EXERCISE DATA —
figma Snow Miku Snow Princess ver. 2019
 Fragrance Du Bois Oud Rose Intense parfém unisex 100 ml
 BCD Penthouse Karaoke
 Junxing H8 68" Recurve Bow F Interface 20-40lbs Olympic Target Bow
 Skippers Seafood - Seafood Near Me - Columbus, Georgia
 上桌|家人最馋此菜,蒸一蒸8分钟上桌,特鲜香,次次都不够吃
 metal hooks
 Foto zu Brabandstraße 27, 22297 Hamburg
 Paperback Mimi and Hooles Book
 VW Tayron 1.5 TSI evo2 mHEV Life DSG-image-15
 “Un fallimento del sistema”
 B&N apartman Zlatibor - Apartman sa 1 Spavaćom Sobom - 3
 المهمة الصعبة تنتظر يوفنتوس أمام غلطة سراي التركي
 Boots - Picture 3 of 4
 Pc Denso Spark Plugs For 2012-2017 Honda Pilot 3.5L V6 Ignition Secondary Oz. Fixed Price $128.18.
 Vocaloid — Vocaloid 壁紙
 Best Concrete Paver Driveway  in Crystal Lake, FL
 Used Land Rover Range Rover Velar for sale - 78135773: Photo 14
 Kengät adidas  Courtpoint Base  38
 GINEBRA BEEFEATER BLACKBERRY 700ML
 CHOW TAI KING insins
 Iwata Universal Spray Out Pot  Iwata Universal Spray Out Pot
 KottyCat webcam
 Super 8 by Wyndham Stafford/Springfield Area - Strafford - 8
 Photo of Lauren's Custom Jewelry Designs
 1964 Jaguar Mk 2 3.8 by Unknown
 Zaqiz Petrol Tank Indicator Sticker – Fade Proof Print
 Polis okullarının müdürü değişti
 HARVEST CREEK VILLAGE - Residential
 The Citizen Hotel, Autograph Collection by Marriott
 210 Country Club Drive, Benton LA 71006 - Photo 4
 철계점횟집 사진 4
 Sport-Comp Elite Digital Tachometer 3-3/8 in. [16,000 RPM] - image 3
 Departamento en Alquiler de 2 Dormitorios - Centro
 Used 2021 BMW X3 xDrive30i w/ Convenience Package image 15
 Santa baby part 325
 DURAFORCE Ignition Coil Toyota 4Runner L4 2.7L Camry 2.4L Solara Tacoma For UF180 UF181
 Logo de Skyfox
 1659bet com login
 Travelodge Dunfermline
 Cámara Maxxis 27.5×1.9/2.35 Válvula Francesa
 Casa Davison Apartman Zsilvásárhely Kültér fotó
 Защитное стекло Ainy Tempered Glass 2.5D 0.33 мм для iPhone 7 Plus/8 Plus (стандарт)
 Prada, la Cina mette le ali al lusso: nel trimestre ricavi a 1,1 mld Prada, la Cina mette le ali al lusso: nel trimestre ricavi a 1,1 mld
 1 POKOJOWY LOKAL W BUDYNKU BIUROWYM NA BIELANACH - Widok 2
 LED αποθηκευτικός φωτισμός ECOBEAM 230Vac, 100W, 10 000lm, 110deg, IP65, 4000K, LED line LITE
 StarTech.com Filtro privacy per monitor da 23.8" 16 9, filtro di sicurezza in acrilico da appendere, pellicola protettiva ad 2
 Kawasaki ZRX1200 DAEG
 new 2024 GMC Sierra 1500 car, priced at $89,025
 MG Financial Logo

TASK REQUIREMENTS —
Copy out, word for word, the part of the entries above that begins at the line with "Pc Denso Spark" and ends at the line with "GINEBRA BEEFEATER BLACKBERRY 700ML", including both.

EXERCISE OUTPUT —
 Pc Denso Spark Plugs For 2012-2017 Honda Pilot 3.5L V6 Ignition Secondary Oz. Fixed Price $128.18.
 Vocaloid — Vocaloid 壁紙
 Best Concrete Paver Driveway  in Crystal Lake, FL
 Used Land Rover Range Rover Velar for sale - 78135773: Photo 14
 Kengät adidas  Courtpoint Base  38
 GINEBRA BEEFEATER BLACKBERRY 700ML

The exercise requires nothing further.